Today I received an e-mail from the National Academy of Sciences which published the study, which linked me to their statement.  I think a very legitimate question would be: why would they ever publish the study when they had concerns over practices of informed consent and opt-out?  I'm extremely upset at the suggestion that because facebook is private, their terms of service give them a pass to turn users into lab rats.  It was mentioned in the e-mail I received that the NAS would be allowing reader comments on that facebook experiment article in the next few days.  I'll update this post with a link to that. I think everyone should really let them have it!

The American Psychological Association posted a brief statement on their site just reiterating their policy on informed consent, supposedly in response to this study. That's it.  No specific concerns expressed,  no suggestion they might in any way review this.  

There has also been some discussion if this infamous study received government, specifically, Dep't of Defense, funding.  Seems at this point unclear, although: the Cornell author had received DoD Minerva Initiative research funding in the past and another Cornell researcher is currently receiving funding.  Here's a fairly decent overview, with a link to the Minerva Initiative site.

I know this will be hard to "hear", but I think it is probably time for users to leave facebook.  I know folks get hooked, but I really feel the only way to make a statement is to leave.  Fewer users, less advertising revenue MIGHT wake them up.


You can find the full text of the study, the expression of concern - and now comments here.

But be warned, I think they're using Discus for comments and I believe it's a pretty notorious tracker. 
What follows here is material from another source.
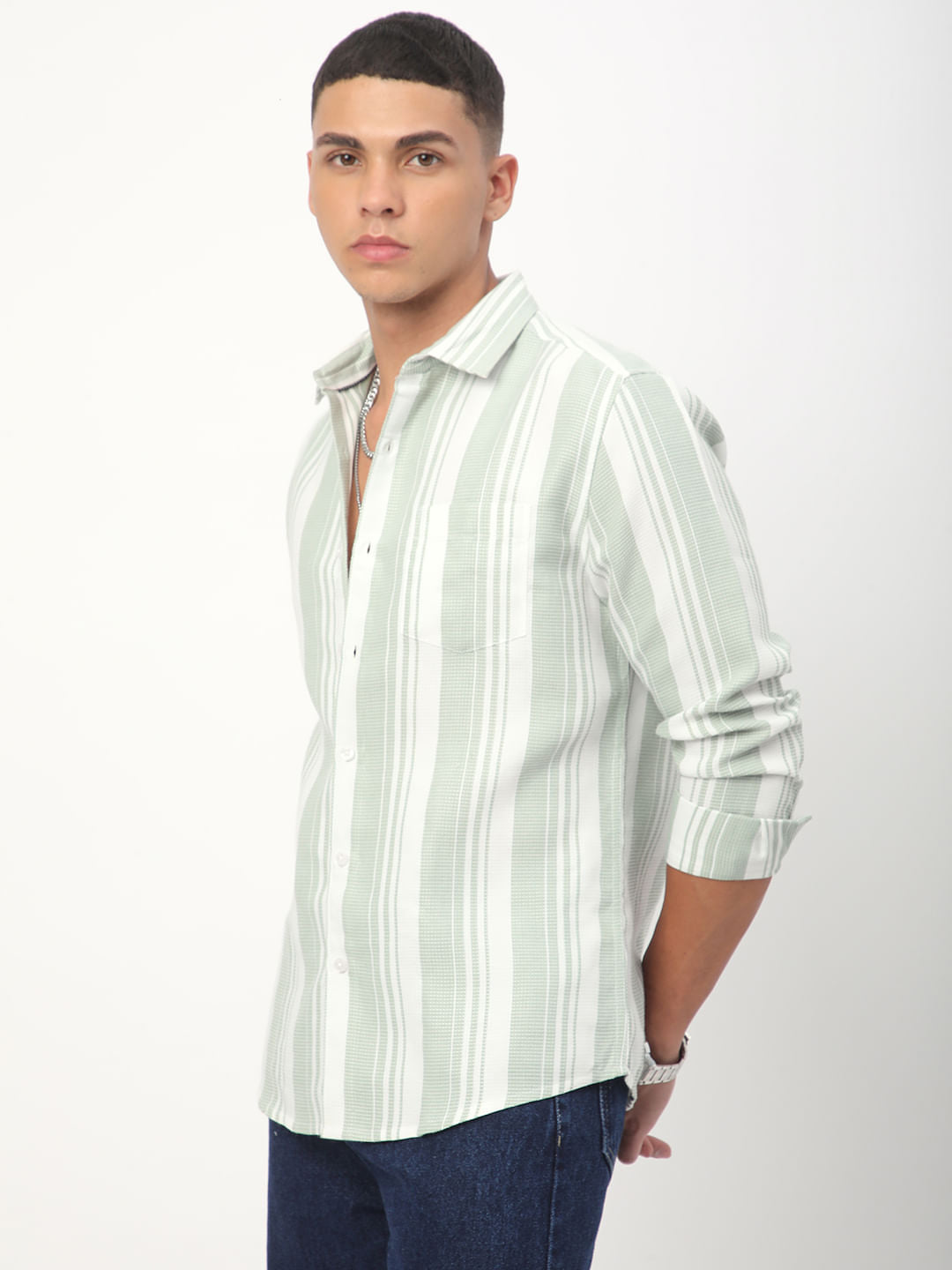 Mint Green Waffle Striped Shirt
EPIC, the Electronic Privacy Information Center has filed a complaint about this study with the FTC. Thanks for the link, Lyra1!

Wednesday, July 2, 2014

The Infamous Facebook Experiment

I don't have a facebook account and the more I'm hearing about this "social network" the more glad I am that I don't.

I'm sure most of you have heard of  the so-called experiment run by a facebook researcher and some academic researchers (from U. Cal. and Cornell) in January 2012. they wanted to see if manipulating news feeds to some users altered their moods.  A follow-up article also discussed reaction and facebook's "defense."  Get this: the National Academy of Sciences who published the study is supposedly investigating if the experiment had even had an ethical review.
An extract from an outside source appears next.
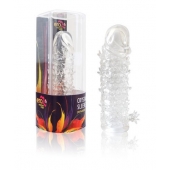 Закрытая прозрачная рельефная насадка Crystal sleeve - 13 см. - Erowoman-Eroman - в Электростали купить с доставкой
Most objections to the study center around the question of whether users had given informed consent, which is supposedly required by ethical guidelines.  Consider the fact that: facebook updated its data use policy to reflect "research" - months AFTER the infamous social contagion study.

While not the worst experiment ever done, I believe it was totally unethical.  There was at least one commenter at The Guardian who was concerned that some  already sad facebook user could have been emotionally manipulated into some potential act of self-harm.  Was there ANY thought given to any "unintended consequences" of this research?

 I contacted the National Academy of Sciences but have yet to receive a response.  I contacted Mr. John Lohse, Director of Investigations at Univ. Cal. and received a response!  He thanked me for bringing this up and indicated it had also otherwise been brought to his attention. He indicated there would be a review and possible determination of some action.

I also received a reply from the Director of the Institutional Review Board of Cornell.  He pointed me to this statement on their website.  I couldn't believe what I was reading.  If you haven't so far clicked on the link, please do so and read the statement.  Read the last paragraph a second time.  It indicates no review by the team overseeing human research is necessary.  Are they kidding?  I wrote back to the Director and told him I felt there should be some review of how any Cornell researcher got involved with such questionable research in the first place!

Unfortunately, unethical experiments have taken place in the past.  Although this may not be the most egregious one, it has come to light and we need to shame those involved.  We need to advocate for better reviews and more stricter adherence to ethical guidelines to prevent future abuses.  We have to look out for reach other!